Some observers predicted that this new secularism would ease cultural conflict, as the country settled into a near-consensus on issues such as gay marriage. After Barack Obama took office, a Center for American Progress report declared that “demographic change,” led by secular, tolerant young people, was “undermining the culture wars.” In 2015, the conservative writer David Brooks, noting Americans’ growing detachment from religious institutions, urged social conservatives to “put aside a culture war that has alienated large parts of three generations.”
That was naive. Secularism is indeed correlated with greater tolerance of gay marriage and pot legalization. But it’s also making America’s partisan clashes more brutal. And it has contributed to the rise of both Donald Trump and the so-called alt-right movement, whose members see themselves as proponents of white nationalism. As Americans have left organized religion, they haven’t stopped viewing politics as a struggle between “us” and “them.” Many have come to define us and them in even more primal and irreconcilable ways.
Beinart says the phenomenon goes a long way toward explaining the rise of Trump:

When pundits describe the Americans who sleep in on Sundays, they often conjure left-leaning hipsters. But religious attendance is down among Republicans, too. According to data assembled for me by the Public Religion Research Institute (PRRI), the percentage of white Republicans with no religious affiliation has nearly tripled since 1990. This shift helped Trump win the GOP nomination. During the campaign, commentators had a hard time reconciling Trump’s apparent ignorance of Christianity and his history of pro-choice and pro-gay-rights statements with his support from evangelicals. But as Notre Dame’s Geoffrey Layman noted, “Trump does best among evangelicals with one key trait: They don’t really go to church.” A Pew Research Center poll last March found that Trump trailed Ted Cruz by 15 points among Republicans who attended religious services every week. But he led Cruz by a whopping 27 points among those who did not.
I can see that. The all-caps comment-thread yay-hoos and the talk-show hosts who served up a daily dollop of protectionism and ire at some ill-defined "elite" were not inclined to couch their arguments, such as they were, in the language of tradition and the centrality of transcendent faith. It was all about disappearing jobs and the search for objects of resentment.

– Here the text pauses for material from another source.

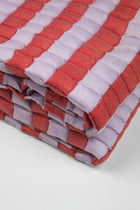 Close-up of the quilted Sujani throw blanket weave in soft lilac and red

Beinart goes on to document how black America is less religious as well. African Americans under 30 are much less inclined to claim religious affiliation than their elders. This plays itself out as an absence of church leaders among prominent figures in today's racial-politics arena:

Critics say Black Lives Matter’s failure to employ Christian idiom undermines its ability to persuade white Americans. “The 1960s movement … had an innate respectability because our leaders often were heads of the black church,” Barbara Reynolds, a civil-rights activist and former journalist, wrote in The Washington Post. “Unfortunately, church and spirituality are not high priorities for Black Lives Matter, and the ethics of love, forgiveness and reconciliation that empowered black leaders such as King and Nelson Mandela in their successful quests to win over their oppressors are missing from this movement.” As evidence of “the power of the spiritual approach,” she cited the way family members of the parishioners murdered at Charleston’s Emanuel AME church forgave Dylann Roof for the crime, and thus helped persuade local politicians to remove the Confederate flag from South Carolina’s Capitol grounds.
Black Lives Matter’s defenders respond that they are not interested in making themselves “respectable” to white America, whether by talking about Jesus or wearing ties. (Of course, not everyone in the civil-rights movement was interested in respectability either.) That’s understandable. Reformists focus on persuading and forgiving those in power. Revolutionaries don’t.
Black Lives Matter activists may be justified in spurning an insufficiently militant Church. But when you combine their post-Christian perspective with the post-Christian perspective growing inside the GOP, it’s easy to imagine American politics becoming more and more vicious. 
So if that's the lay of the land, or an approximation of it, doesn't it look like the buzz-saw rancor and deep polarization are about secondary matters rather than the vital questions that ought to preoccupy us? If the issues at the heart of the culture war are "settled," is it not now just a case of various tribes elbowing each other out of the way for a place at the table?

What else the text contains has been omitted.